Let’s survey the Big Five in reverse birth order:

  1. David Souter 1939 (Clinton 1993)

  2. Steven Breyer 1938 (Clinton 1994)

  3. Anthony Kennedy 1936 (Reagan 1998)

  4. Ruth Bader Ginsburg 1933 (Clinton 1993)

  5. John Paul Stevens 1920 (who turns 86 on April 20th – Ford 1975)

The job of a Supreme Court justice can be carried out as long as the incumbent can effectively participate in the court’s decisions. Given the depth of staff support available, an otherwise competent justice can do the job from an assisted living facility, so long as he or she can be wheeled to and from conferences and the court’s sessions.

Only death, scandal, a truly debilitating illness, or some “please take this job and shove it” life issue will trigger a Supreme Court vacancy.

Absent some bolt from the sky event, the only plausible candidate to retire before the end of the current administration’s term is Justice Stevens. Like many justices who are not on the same ideological page with a sitting president, Stevens would probably want to wait it out, hoping for a new administration. But the exigencies of life are often cruel.

Add to this two more bits of speculation: There are uncorroborated health rumors about another justice. Is it Ginsburg? Is it Kennedy? If Kennedy is the source of the rumors, the administration might have advance warning. After all, Justice Kennedy was a Reagan appointment. Might he be willing to leave early in exchange for a moderate republican replacement?

Yes, this kind of speculation is usually a pointless exercise: except for the president’s attempt to get his trusted staff member, Harriet Miers, on the high court.

W was lured into that nomination, based on the huge political calculation that HM’s conformation would be a slam dunk confirmation.
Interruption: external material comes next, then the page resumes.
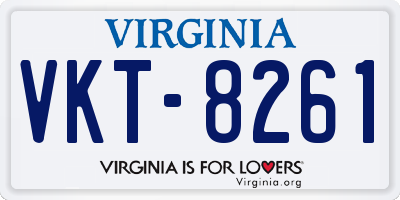 VA license plate VKT8261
At the time I asked why the president would be so eager to avoid a Senate fight. I speculated that he wanted to preserve his political capital for another time.

I am personally persuaded that “W” wanted a quick, non-controversial confirmation. It is reasonable to fear that the President is just too tired for another fight, but I propose a different theory. He knows something we don’t, to wit: that there is another vacancy in the queue, one of the other justices, someone who might not want the vacancy to be filled by Hillary and won’t want to stay another decade if she is two term. Assume a signal reaches Cheney. In this view, W is counseled to save the big guns for the real fight, the Fifth Vote. This is exactly the kind of stuff you can’t even leak. And it now seems evident that the president was deliberately misled by Nevada’s Harry Reid, the Senate democratic leader. “W” tends to trust on first impressions. Reid seems to have played the president and almost created a deadly wedge issue between the secular “hard” conservatives and the evangelical “soft” conservatives. The president’s political calculation and head count were probably skewed because of Carl Rove’s distractions related to the pending Grand jury decision. All in all, it was a disaster in the making.

This was the battle the president sought to postpone. So much for stealth.

The next vacancy, the real balance of power appointment is yet to come. Was that what drove the attempted Miers gambit? We’ll probably find out within the year.